By Lawrence Hurley
WASHINGTON (Reuters) – Gay marriage supporters on Monday asked the U.S. Supreme Court not to block a court ruling that would allow same-sex couples to wed in Virginia.
Lawyers for gay and lesbian couples who want to get married urged U.S. Chief Justice John Roberts not to grant an emergency stay application filed by a Republican elected official in Northern Virginia.
Prince William County Clerk of the Court Michele McQuigg on Thursday asked the Supreme Court to put on hold an appeals court ruling that struck down the state’s ban on gay marriage.

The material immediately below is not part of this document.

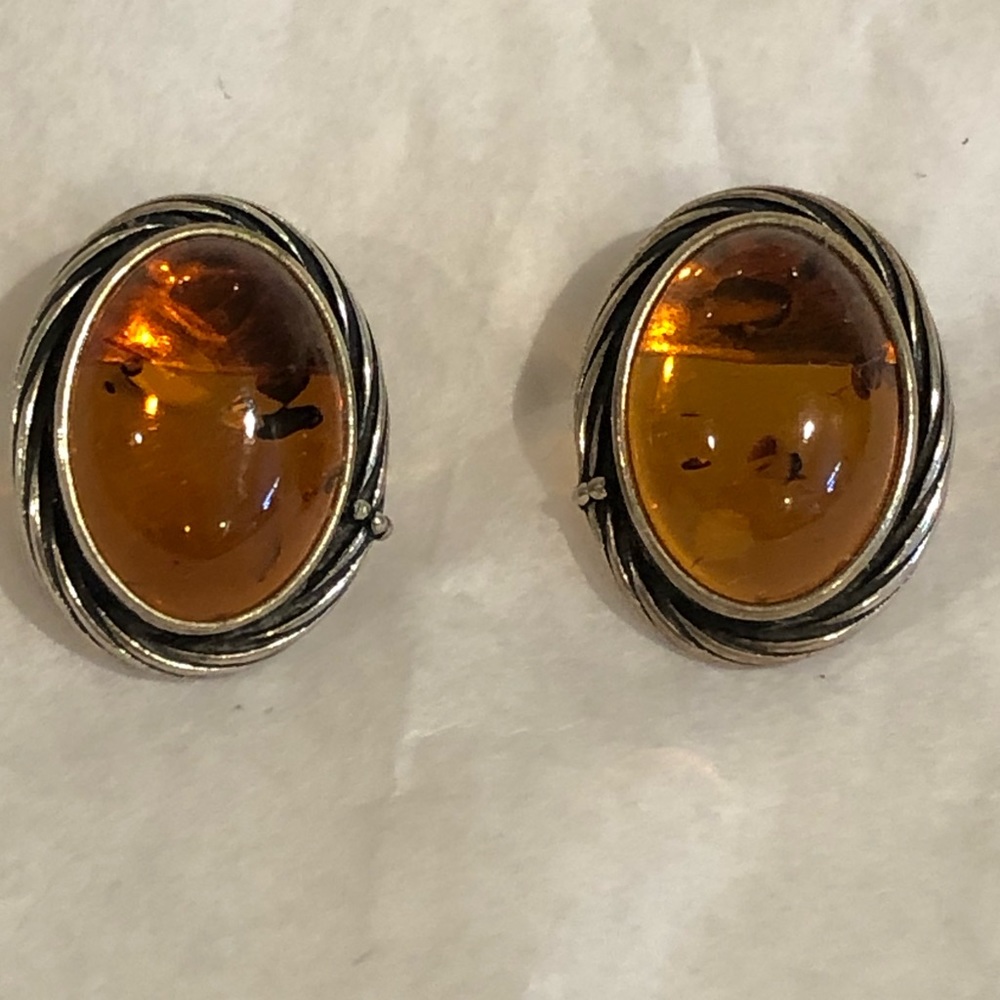 Oval Baltic Amber pierced earrings set in sterling silver.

The lawyers for the gay and lesbian couples said McQuigg could not show there is a high probability that the justices would reverse the lower court, meaning there is no need for Roberts to prevent it from immediately going into effect.
The appeals court’s ruling “directly implicates the rights of tens of thousands of gay and lesbian Virginians whose fundamental right to marry has been denied by the Commonwealth of Virginia,” wrote lawyers for one of the two groups of gay and lesbian plaintiffs.

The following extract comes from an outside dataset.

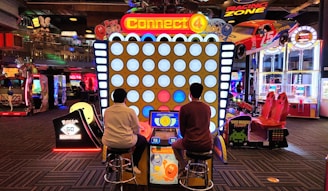 Two people are seated on stools playing an oversized version of the Connect 4 game in an arcade. Various other arcade games and machines are visible in the background, including racing games and a Monopoly-themed machine. The area is brightly lit with colorful lights.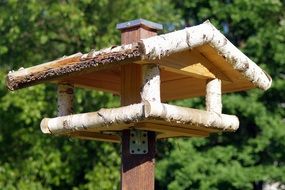 wooden house for feeding birds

Separately, Virginia Attorney General Mark Herring, a Democrat, said in a court filing that he would support delaying gay marriage in the state because he would prefer the Supreme Court to immediately decide the issue once and for all. Herring backs gay marriage.
The 4th U.S. Circuit Court of Appeals in Richmond, Virginia, invalidated the ban in a ruling issued on July 28. The court said on Thursday that the ruling would go into effect on Aug. 21 if the Supreme Court does not intervene.
Roberts, who has the responsibility of handling emergency applications from the Richmond-based appeals court, can either act on the application himself or refer the matter to the Supreme Court as a whole.
In a case concerning a similar ruling in Utah that struck down the ban in that state, the Supreme Court ultimately blocked the ruling pending further appeals.
The Supreme Court is expected to take at least one gay marriage case in the coming term, which begins in October and ends in June.
Since the June 2013 ruling in the case United States v. Windsor striking down a federal law defining marriage as between one man and one woman, nearly 30 federal and state courts have ruled against same-sex marriage bans at the state level.
Nineteen of the 50 U.S. states and the District of Columbia allow same-sex marriage.